Extreme Weather Threats To Electricity Supply

Power outage

Threats to domestic and business electrical supply, as already experienced in modern times, include extreme temperature weather events. Adverse intense extremities in both cold and heat create significantly increased demands on electricity generation utilities. We are yet to see the risks of global warming on the electrical power supply.

During such events, demand exceeds that of which can be generated. Electrical grids fail as there simply isn’t enough power to go around. Sometimes, in such cases, electrical authorities will conduct ‘load shedding’ or ‘brown-outs’, which are coordinated network outages across multiple regions when usage exceeds peak demand.

Extreme weather events all too readily damage electricity power grids. Strong winds from storms, cyclones, tornadoes and hurricanes can damage and knock down powerlines, usually caused by falling trees. Lightning strikes are a common origin of power grid damage, which are a common cause of bush fires and life threatening wildfires. Incidentally, bush fires are a threat to electricity supply infrastructure that can potentially destroy large parts of the grid.

electricity failures

Heavy rains and flooding can knock down trees and power poles, and cause intensive damage to underground power cables. Threats from natural causes may be on the rise, and the damage can be extensive and, as usual, located in remote and somewhat inaccessible regions. Damage to power supplies from severe weather events can potentially endure lengthy repair times, often weeks if not months.
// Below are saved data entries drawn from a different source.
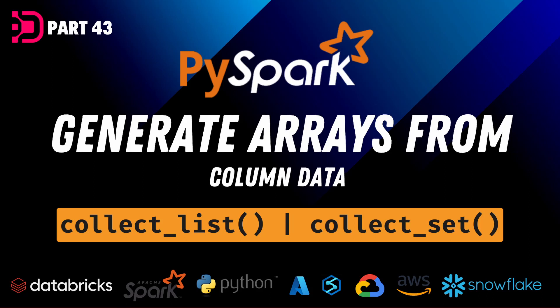Hey guys, welcome back to Data with Dominic and specifically our PySpark series.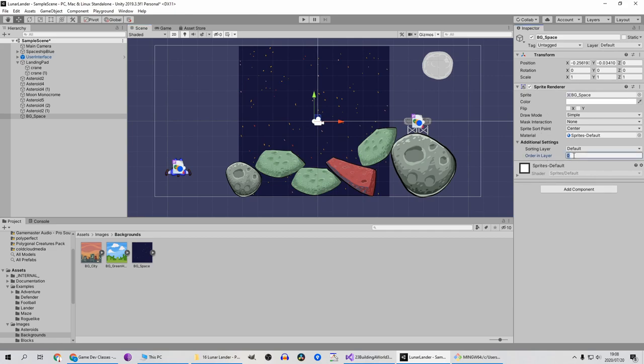In order layer we need to make sure that this background is drawn first, so we need to make that minus one. By default all these other images are going to be at zero, so the easiest thing is just to set the background to a negative number.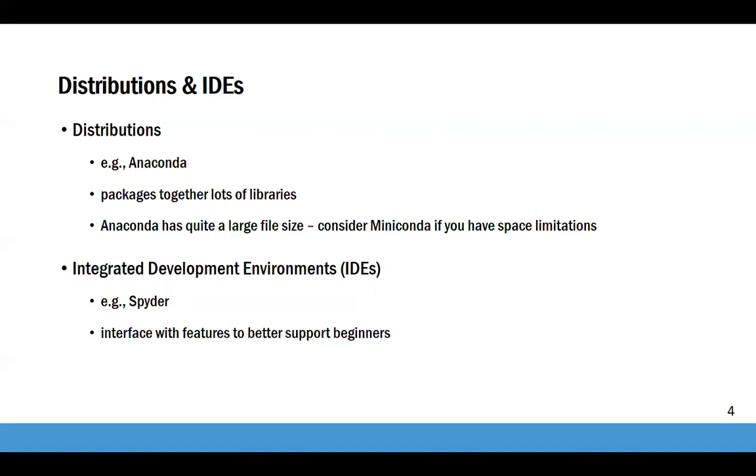It also includes software to manage and add new packages, create virtual environments, and more. It is available for both Macs and Windows machines. While it is available for both Python 2 and 3, Python 3 is preferred.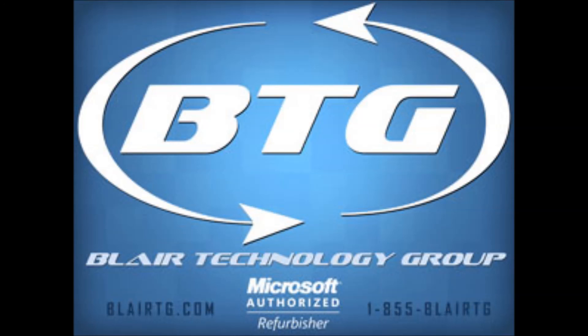If you have any questions, certainly feel free to give us a call at 855-BLAIR-TG. Again, that's 855-BLAIR-TG. We're available from 8 AM to 5 PM Eastern Standard Time. I hope this video helped and have yourself a great day. Thank you.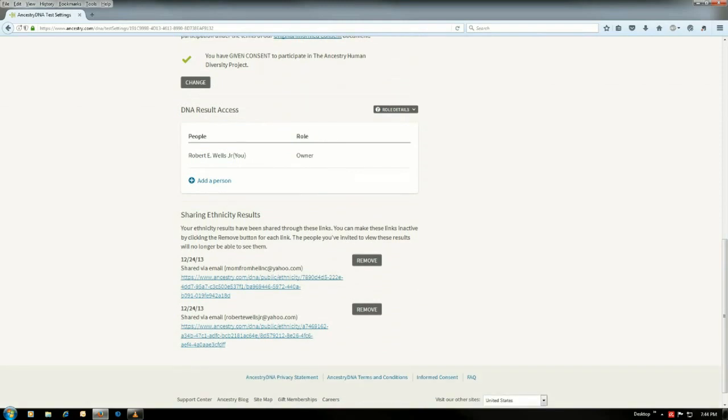Now, don't get sharing ethnicity results confused with your DNA access. That just allows you to maybe post it, send out a link over to your ethnicity results. That's not what we're here for today.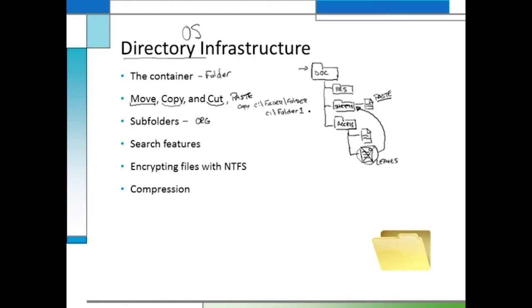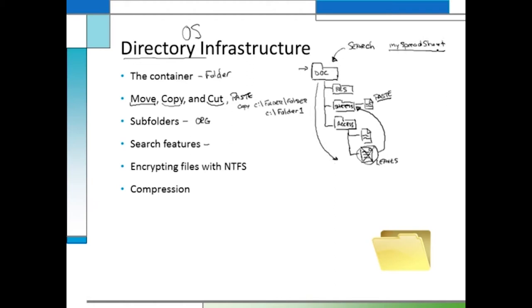Most directory infrastructure gives you a search feature. If you don't remember where you classified a document but know its name — like 'my spreadsheet' — you can search at a top-level folder and the operating system will search through all folders below until it finds matching files. If it doesn't find any, you won't see any results. This makes it easy to find data without spending hours on the process.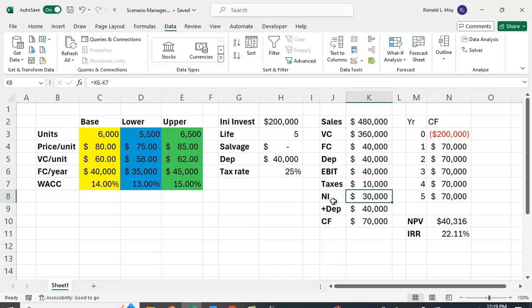We add back in the depreciation of 40,000. We do that because depreciation is a non-cash expense. You have to subtract it out to get the correct taxes paid, but you don't actually pay anybody the numbers. So we add that back in because it doesn't impact cash flow. So we have $70,000 a year in cash flow. We could have a more complicated problem where we have different cash flows each year, different depreciation methods such as the MACRS method, but here we're going to keep it really simple. $70,000 a year in cash flows.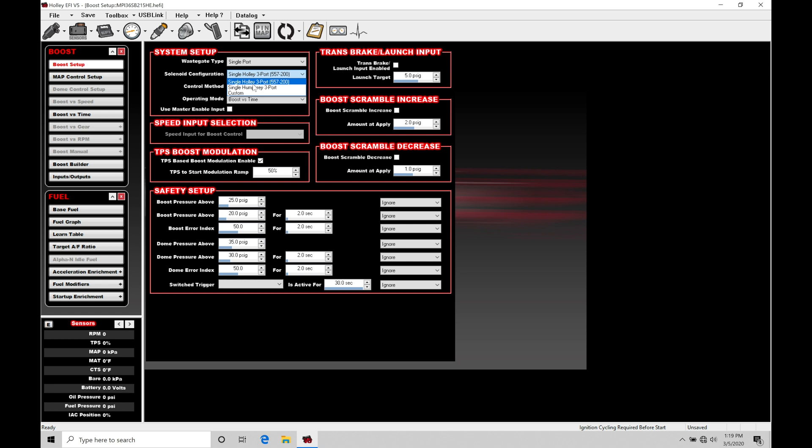If at all possible, use the Holley 3 port with this part number. It takes care of getting the frequency right as well as the dead time information for the solenoid that you're using, which will make a difference in closed loop style control.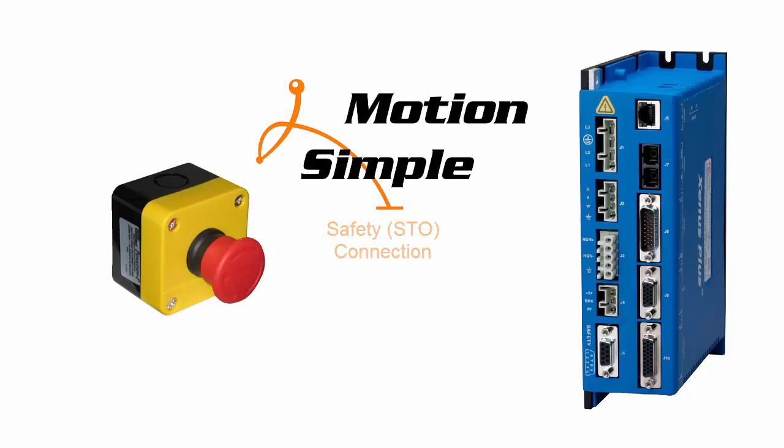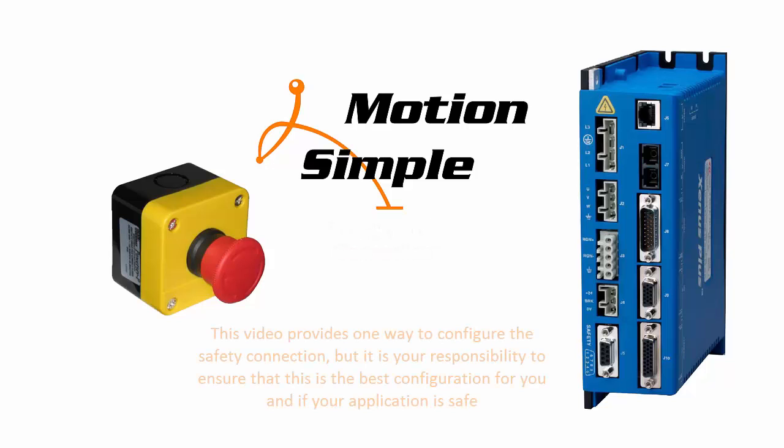This time on Motion Minutes, the safety or safe torque off connection. This video provides one way to configure the safety connection, but it is your responsibility to ensure that this is the best configuration for you and if your application is safe.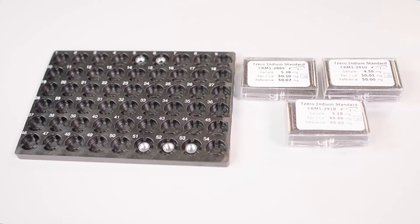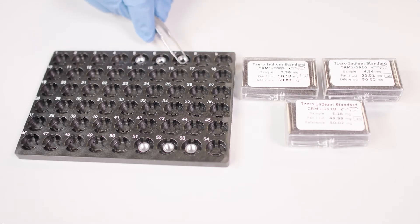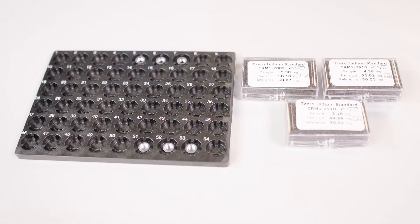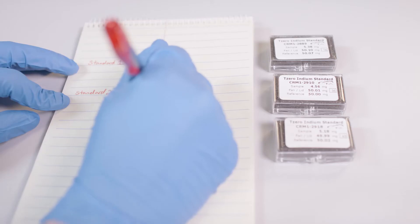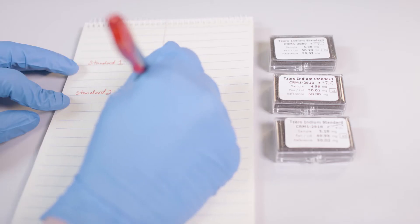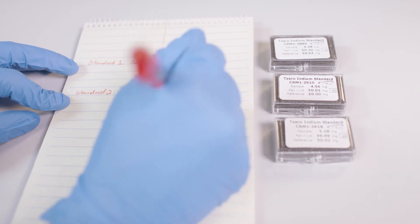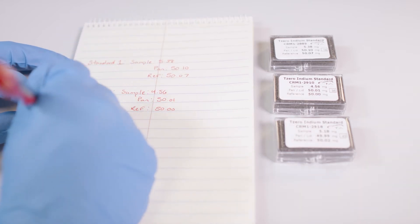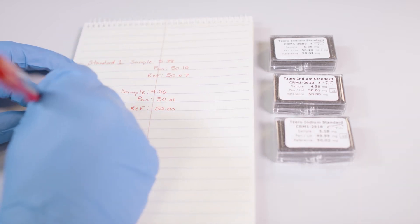To start, we will need to prepare three cell constant calibration standards and place them in the auto sampler tray. Please take note of the sample and pan masses and tray locations where they are placed.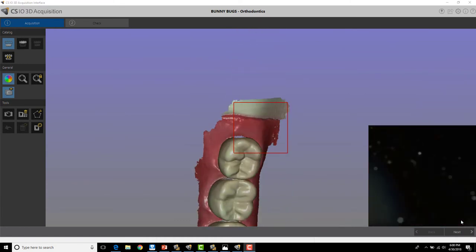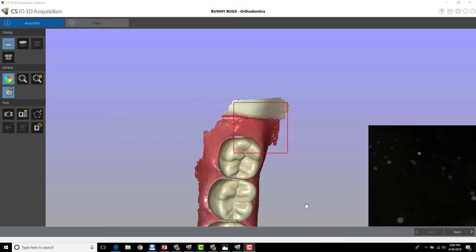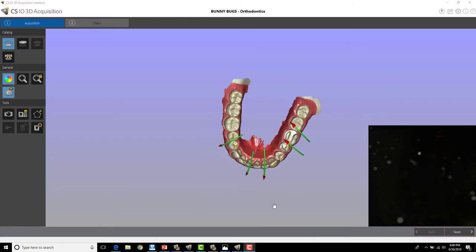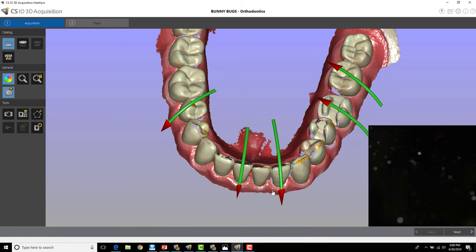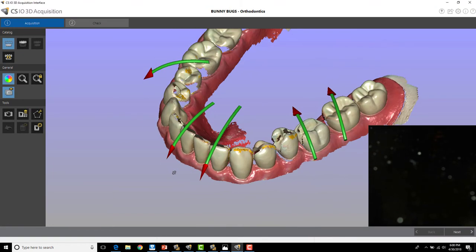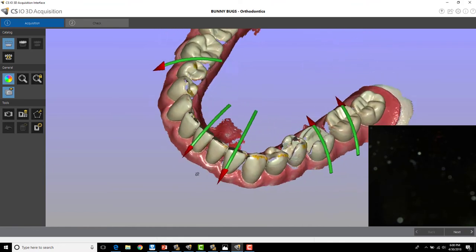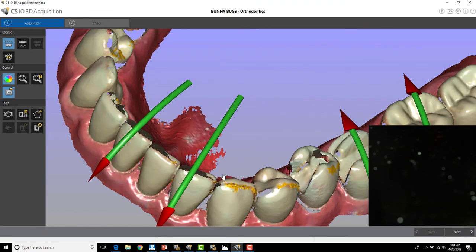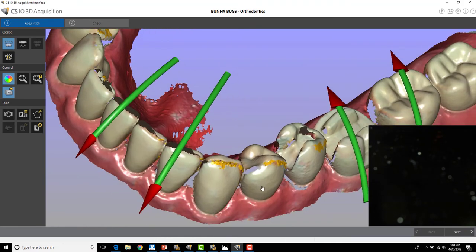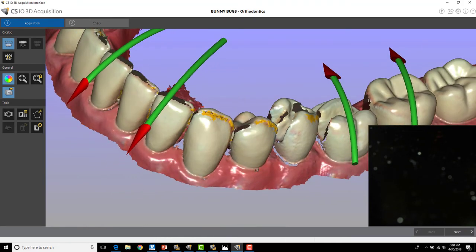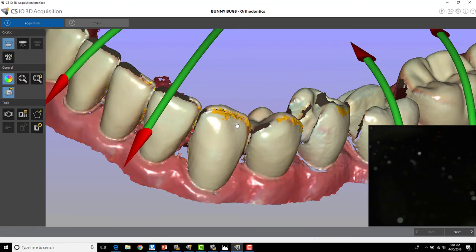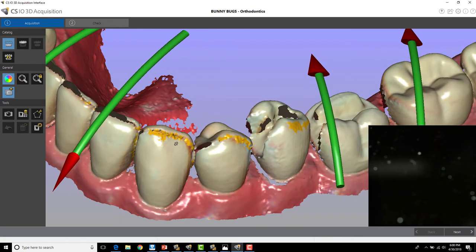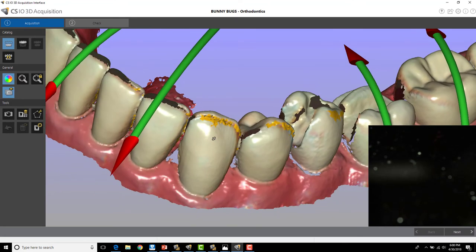The problem with that is that you're missing the incisal edge in the anterior here. And the scanner's going to pick up areas and have a harder time to mesh those together like you can see here. And those are the exact same errors that you were seeing in those couple of examples.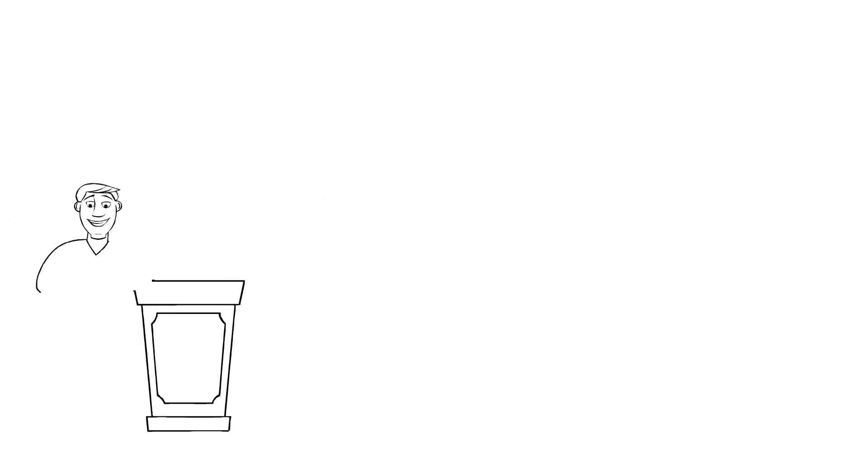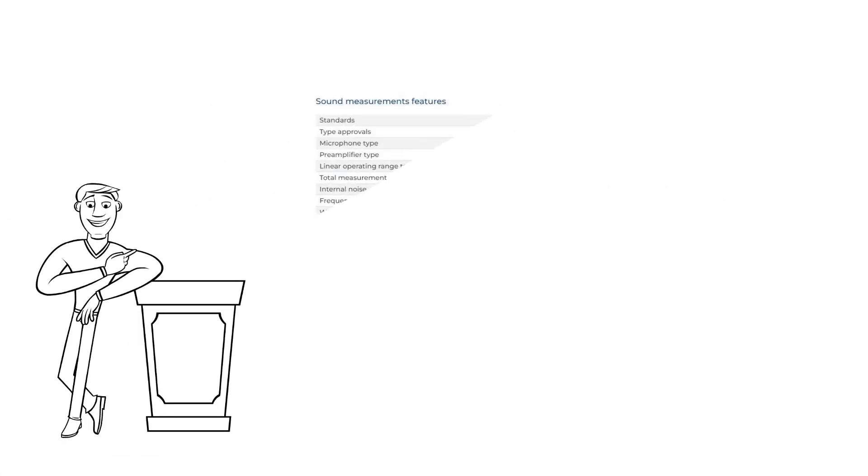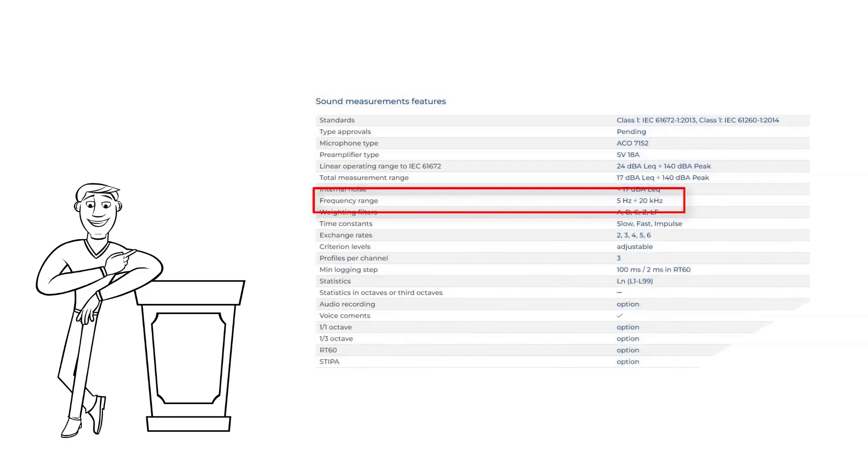Generally, the main difference between Class 1 and Class 2 is associated with the measurement accuracy and frequency ranges.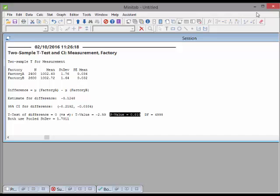So factory B and factory A are not equal to each other — we can assume factory B is slightly higher than factory A. Whether that's important depends on how much of a difference it makes practically, not just statistically — for example, what the cost implications are.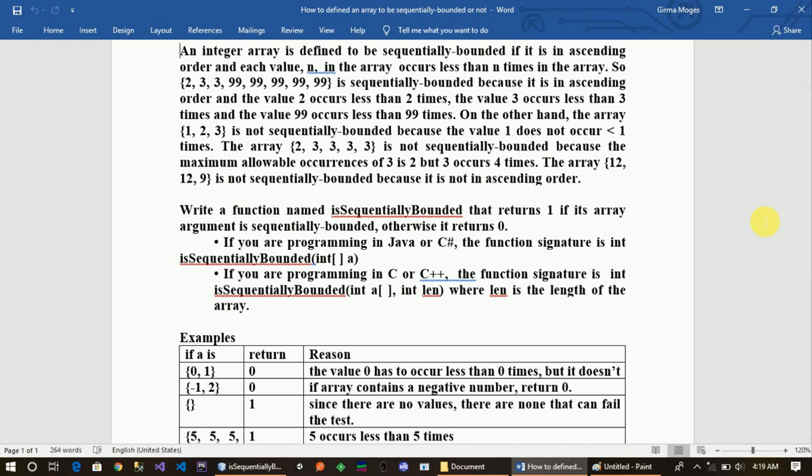Let's see what will happen. Each value n in the array occurs less than n times in the array. So the array elements 2, 3, 3, 99, 99, 99 is sequentially bounded because it is in ascending order and the value 2 occurs less than 2 times, the value 3 occurs less than 3 times, and the value 99 occurs less than 99 times. On the other hand, the array 1, 2, 3 is not sequentially bounded because the value 1 does not occur less than 1 times.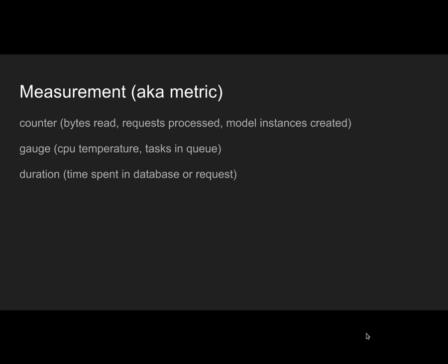A counter is just a monotonically increasing sum. Some monitoring solutions also support decreasing, but usually increasing is supported. You can aggregate that into a count by second, by minute, or by hour. Typical usage: bytes read, requests processed, created instances, stuff like that.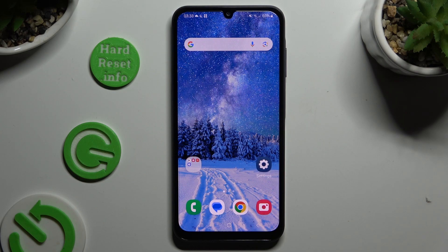In front of me is Samsung Galaxy A25 and today I would like to show you how you can manage app's permissions.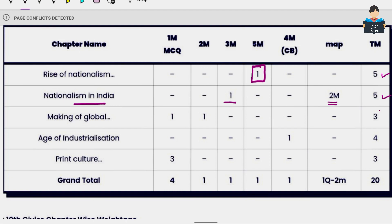The next chapters are The Making of the Global World and Print Culture. For Making of the Global World, there is an MCQ question and a 2 mark question. For Print Culture, there are three MCQ questions along with either a long answer, a 3 mark question, or a case study question. So for these two chapters, we focus on 1 mark and 2 mark questions.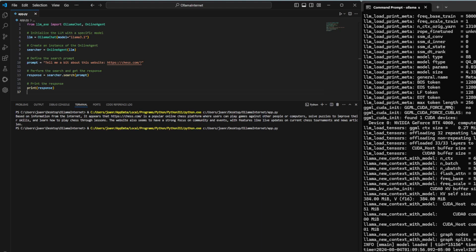Then we create an instance of the online agent class. This agent will use the language model we initialized to perform web searches. We define a prompt, which is a question or command we want the language model to respond to. In this case, we ask the model to tell us about the website chess.com.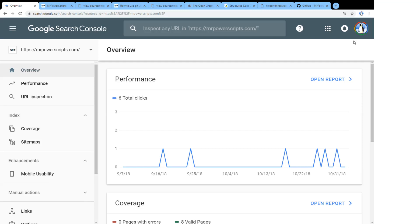What up, y'all? So we're going to talk about search engine optimization, which is something that I'm trying to learn more about. And I'm learning that through the website that I launched, mrpowerscripts.com, which is just a blog that I'm going to be using as a tool to learn all of this stuff.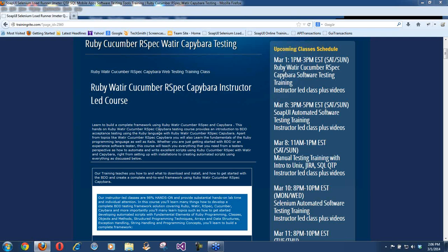Welcome to trainingride.com. We have been providing online training for software testing courses. As you can see from our website, trainingride.com, we have been doing a lot of courses in the past. And this time we bring you a new course.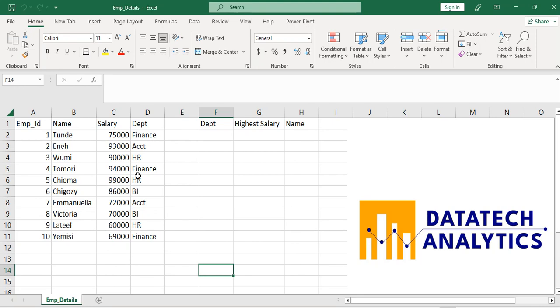Hello guys, this is a brain paper today from DataTech Analytics. In this video, we're going to look at the highest salary in each of these departments. If you look at the department listing, you can see that they have given department data.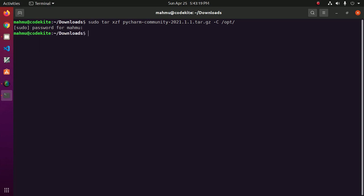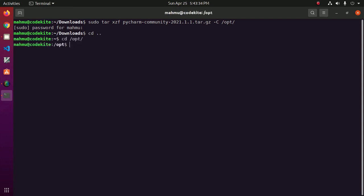Okay, unpacking successfully. So navigate to opt by cd. Now navigate to PyCharm bin subdirectory by cd.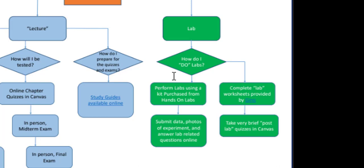The other part of the lab experience is worksheets you complete that I provide through my website. Also, there'll be a brief post lab quiz related to the worksheets. The quizzes will be in Canvas.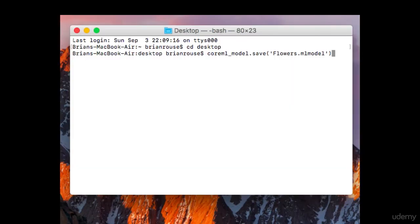Step number eight: save the new model to your desktop using "coreml_model.save('flowers.mlmodel')". You should be able to go to your desktop and locate that model. You can use that model in your previous project — just replace where it says ResNet50 with "flowers", and you can identify any flower, be it real or artificial.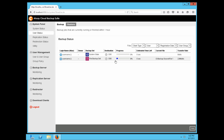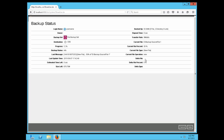For even more details on the progress of a backup job, click on the corresponding job. In this view, you can see further details of the backup job. The information displayed here is updated dynamically as the job is being performed.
Natural Occurrences Risking Electrical Power Supply

Electricity power supply can be interrupted by relatively benign natural causes. Damage by animals does occur, namely birds, bats and arboreal animals that prefer to climb trees. Animals that come into contact with over-head powerlines are electrocuted instantly, causing the power to trip or short-out. In Australia, the main culprits are large birds, fruit bats and possums.

power line damage

Large and ageing trees falling on powerlines and dropping limbs often cause power interruptions. Less common are power outages caused by lightning strikes, which can strike a powerline pole and/or transformers. Lightning strikes often directly knock out the electrical grid. Fortunately, as far as power supply goes, these benign natural causes are not overly common and interruptions are usually repaired quite quickly.

Severe natural phenomena posing immense risks to the electrical power supply include earthquakes, volcanic eruptions, tsunamis, and land-slides. Damage induced by these acts of nature can not only directly threaten lives, but too are the indirect consequences of extensive power outages. Catastrophic damage to electrical power infrastructure could endure very lengthy repair times.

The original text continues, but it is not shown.